*Task description:*
In the records below, find the line containing "Asymmetric Plaid Midi Skirt", then print it and every following line exactly, through the last, without pictures.

*Data to examine:*
..........

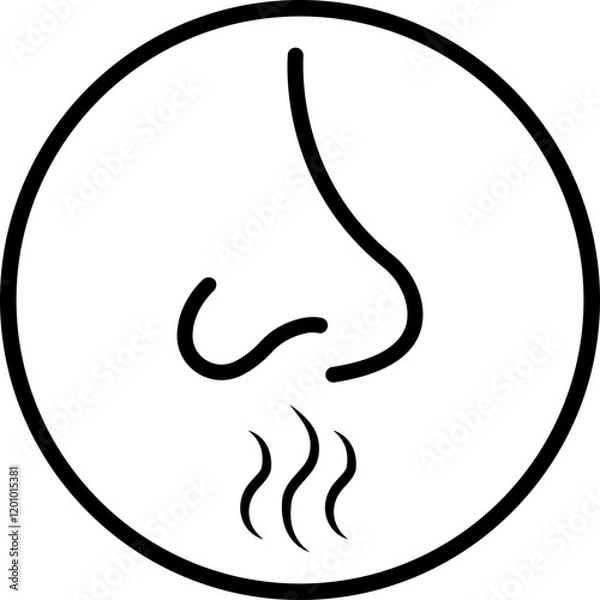 Fototapeta Nose icon related with nasal. Contains monochrome line vector like nasal, smell, organ, breathe, sneeze, sniff and more. Simple outline sign isolated on transparent background.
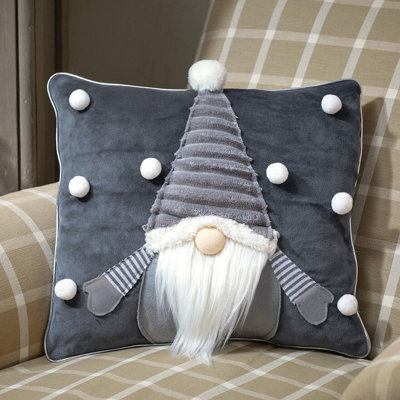 Grey cushion with pom 2024 poms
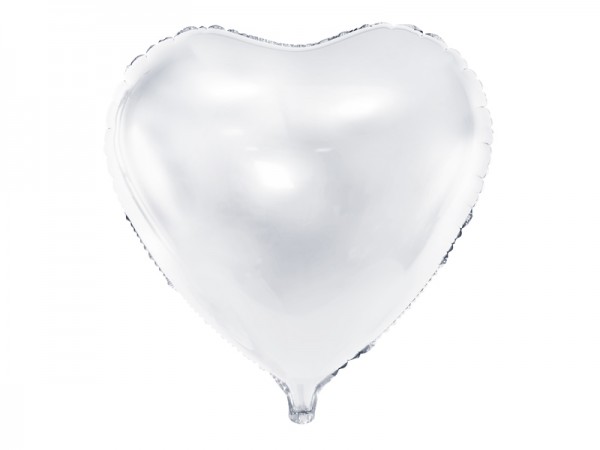 Foliový balónek srdce, bílý 61 cm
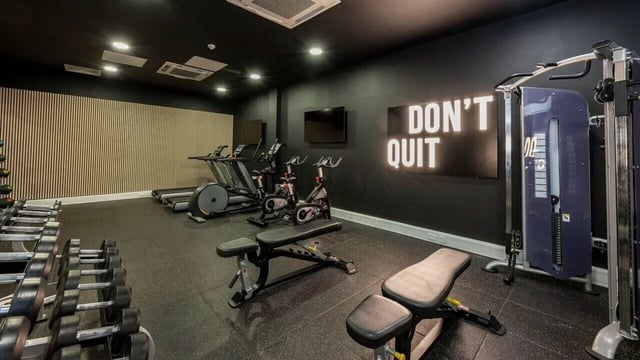 Dumbbells treadmills bikes and weight machine gym at Fontenoy Apartments in Liverpool Student Accommodation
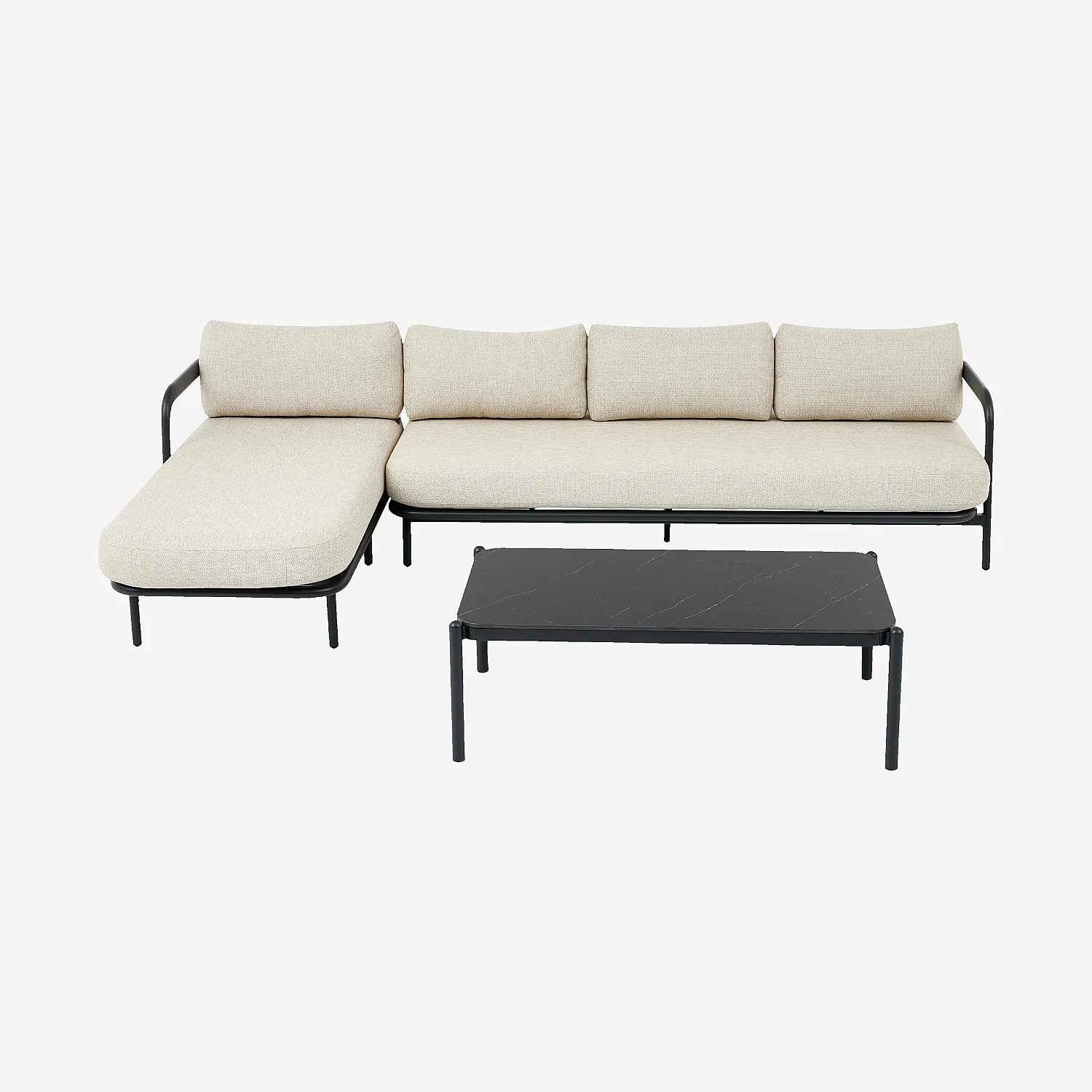 Ensemble de salon de jardin d'angle gauche et table basse rectangulaire - Beige mélangé et gris anthracite - 2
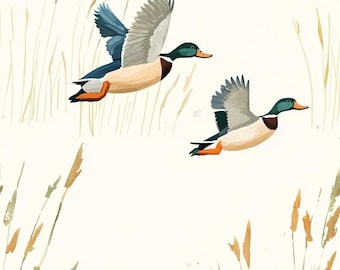 Duck Hunting Seamless Pattern, Sublimation PNG (Digital Paper)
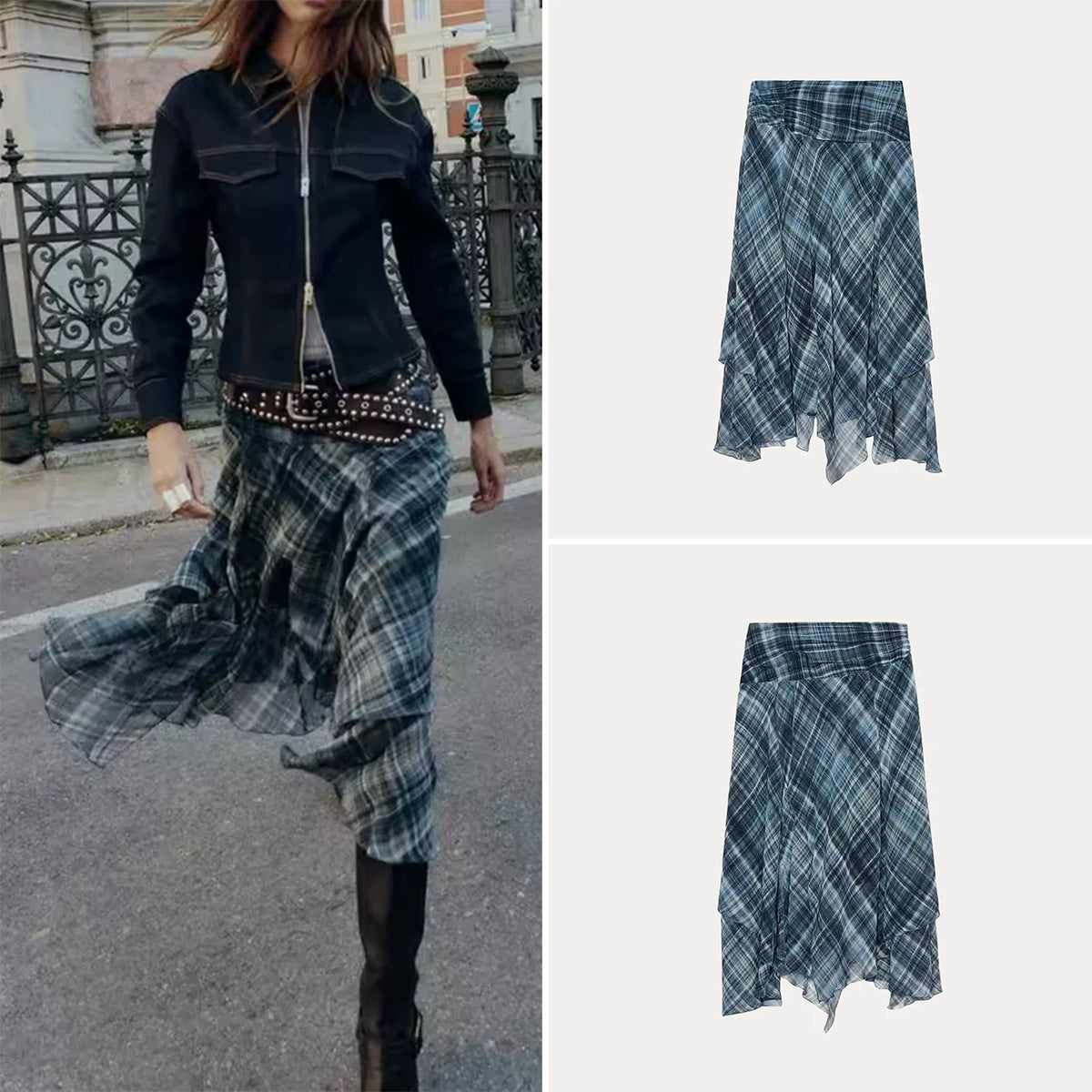 Asymmetric Plaid Midi Skirt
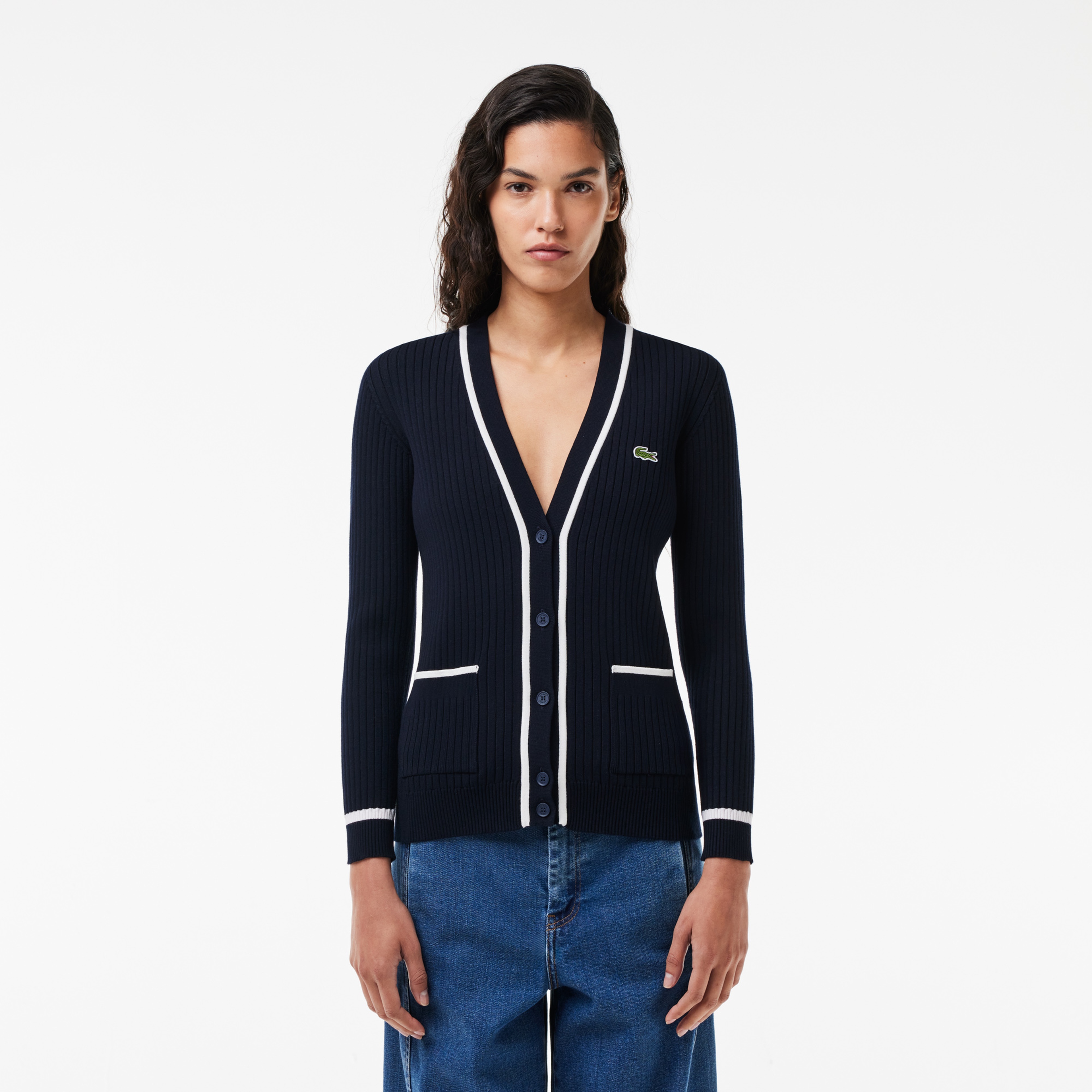 Kadın V Yaka Lacivert Hırka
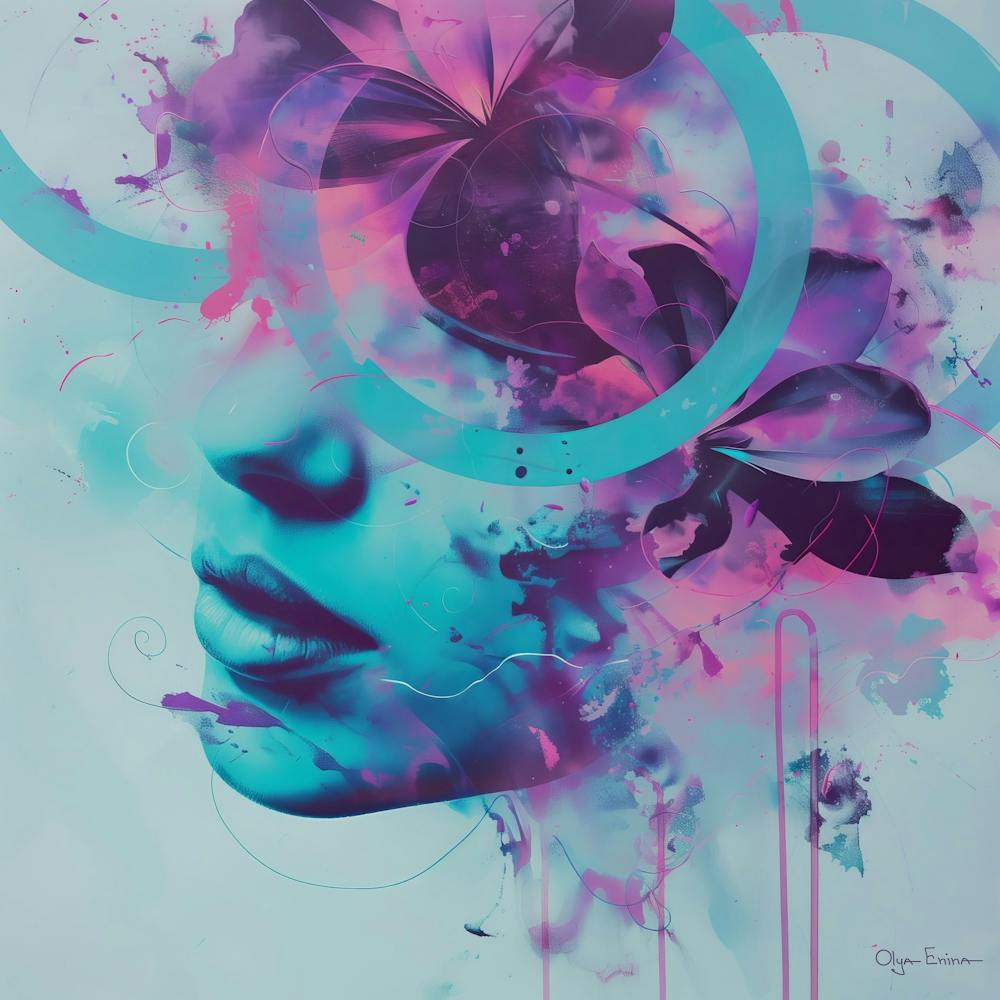 Surreal woman portrait with flowers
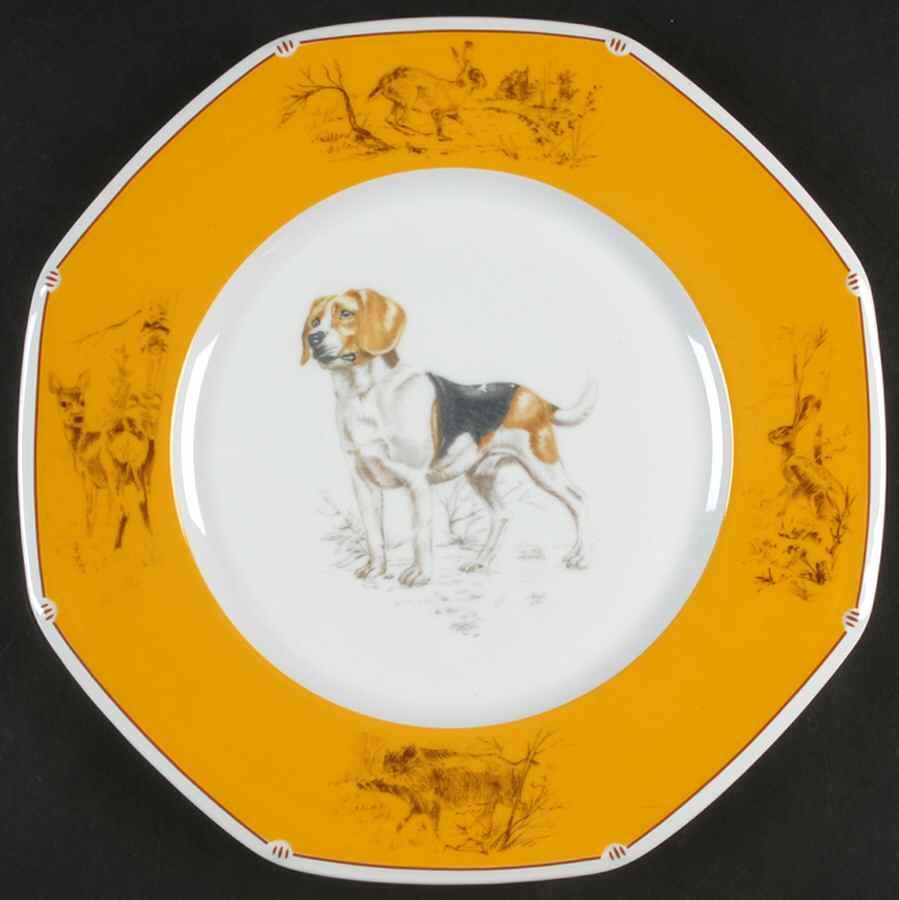 Chasse Yellow Dinner Plate by Hermes-1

..........

*Response area:*
 Asymmetric Plaid Midi Skirt
 Kadın V Yaka Lacivert Hırka
 Surreal woman portrait with flowers
 Chasse Yellow Dinner Plate by Hermes-1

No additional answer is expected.